Persistence Store

An officially sanctioned and widely spread AntiPattern. It's been advocated as a pattern by ScottAmbler, KyleBrown, MartinFowler and all the usual OO suspects. The J2EE literature is particularly keen on promoting it. The climax point of this seems to be the ReinventedWheel? commonly known as EQL.

Basically it goes like this:

So you have this incredibly versatile, very complex and very refined piece of machinery called RelationalDatabase. A RelationalDatabase at its core is basically a logic engine (although you can call it a Prolog--) with transactional support.

However, as it turns out, in modern OO architecture this crucial and very valuable component becomes the lowest layer in FourLayerArchitecture - or something similar, and the official OO propaganda tells you that developers should talk only in terms of domain objects, object model, etc. And above all, "they should be isolated from the low level PersistenceLogic?". The database stays somewhere in the background with the only mission to load and save objects.
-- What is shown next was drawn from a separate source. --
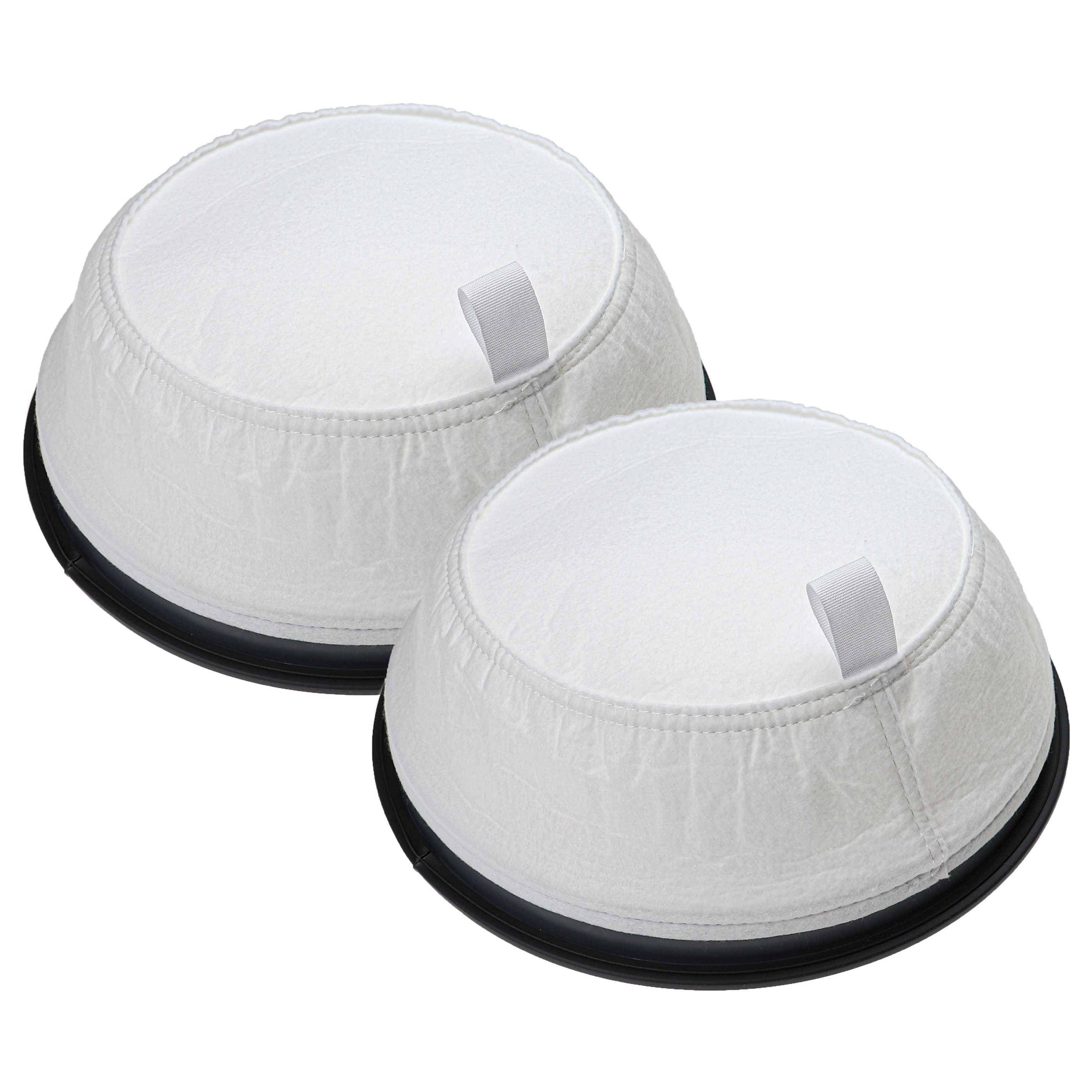 vhbw 2x Sackfilter kompatibel mit Nilfisk VC300 Trockensauger, Staubsauger - Ersatz-Filter Schwarz Weiß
The end result is that your fancy database becomes a glorified file system (aka PersistenceStore). It's a waste of money and opportunities. If you don't suffer from the usual OO prejudice against SQL and stored procedures, many use cases can be solved with an order of magnitude less effort in LOC and will run an order of magnitude faster. But of course, you'd have to break serious OO dogma to do the SimplestThing.

Another aspect is that transactions between the OO layer and the relational database tend to have a particular shape in 2 stages. The first stage will contain only reads that will load data in an object graph, and at the end there will be updates and inserts only. Well, this spells trouble: increased probability of deadlocks, horrible run-time performance, decreased concurrency. These are the traditional evils that OO programmers have complained about when doing projects with relational databases, and of course they blamed it on ObjectRelationalImpedanceMismatch.

To break out of this vicious cycle, the thing you have to do is the SimplestThing: don't assume that for every use case you have to "load" your nicely crafted slice of the object graph and move bytes around using ModelViewController, instead for most of the use cases in a typical project the SimplestThing to do is PutTheDamnDataOnTheDamnScreen?.

OO "bigots" (MartinFowler's self-assumed characterization) might tell you that your business logic will become brittle, that you'll create a dependency between the more abstract and high level "object model"/"application model" and the "low level" PersistenceLogic?. Don't believe them:

Microsoft is building an ObjectRelationalMapping tool. It's called ObjectSpaces.

It's true that the persistence store idea often results in an interface that's designed for the lowest common denominator between all the possible implementations. However, there's a difference between saying that if you have a database you should strive to take advantage of all the benefits it offers over a file system and saying that you should have a 2 tier system.

If you have 2 tiers and your business logic ends up being duplicated you now have two sets of code to maintain. This means all changes to business rules must be exactly duplicated. Add to that the tight coupling between the presentation tier and the persistence tier. If you've worked on an ASP, project you soon realize that scattering SQL throughout your html is a recipe for disaster unless you make an arbitrary decision that some ASPs will be used to talk to the database whilst some ASPs will only do presentation. You basically end up faking MVC.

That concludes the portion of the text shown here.